Il legale di Donatella stava lavorando per farle ottenere una misura alternativa al carcere. Per chi è tossicodipendente, e quindi malato, non può essere il luogo idoneo per ripartire, per scontare reati non socialmente pericolosi come piccoli furti. È il sistema fallimentare del quale ha scritto il giudice Semeraro. Che ha altre pecche. Nel 2022 si sono tolte la vita nelle celle già 47 persone, Donatella è la 48ª, 16 volte in più che all’esterno. La fotografia desolante dei penitenziari italiani è dell’associazione Antigone, che da anni monitora la situazione: tre persone in 7-8 metri quadrati (la legge ne prevede almeno tre ciascuna: non rispettandola, abbiamo subito condanne dalla Corte europea dei diritti dell’uomo), temperature che nelle celle superano i 40°, assenza di frigoriferi e ventilatori, finestre sigillate e aria che non circola. Sono le condizioni nelle quali vivono parte dei 54.841 detenuti in Italia (a fronte di una capienza regolamentare di 50.900). Il 35% fa uso di droghe e solo tre penitenziari (su 189) sono «dedicati» al contrasto della tossicodipendenza, con servizi psichiatrici e psicologici.
In alcuni istituti l’acqua viene razionata, come ad Augusta. A Santa Maria Capua Vetere, invece, manca ancora l’allaccio alla rete idrica comunale. La nostra Costituzione, spesso citata per altre vicende, all’articolo 27 dice che «le pene non possono consistere in trattamenti contrari al senso di umanità e devono tendere alla rieducazione del condannato». Ma quale rieducazione: per ammissione degli stessi direttori, oggi molti penitenziari italiani sono criminogeni. Spesso se ne esce peggiori di quando si è entrati. Il 35% di chi è in cella poi è in carcerazione preventiva (quindi ancora presunto innocente secondo la Costituzione) e la metà verrà assolto o prosciolto in base alla media storica.
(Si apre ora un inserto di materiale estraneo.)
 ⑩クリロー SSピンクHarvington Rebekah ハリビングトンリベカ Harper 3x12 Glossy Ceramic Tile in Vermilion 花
I ministri Orlando e Cartabia hanno cercato di migliorare la situazione anche investendo sulle pene alternative al carcere. Chi ne beneficia ha una recidiva dei reati del 20%, chi trascorre tutto il periodo di condanna nei penitenziari invece dell’80%. E chi è malato di droga non deve stare in cella ma nelle comunità. Aveva ragione il grande Fëdor Dostoevskij: «Il grado di civilizzazione di una società si misura dalle sue prigioni».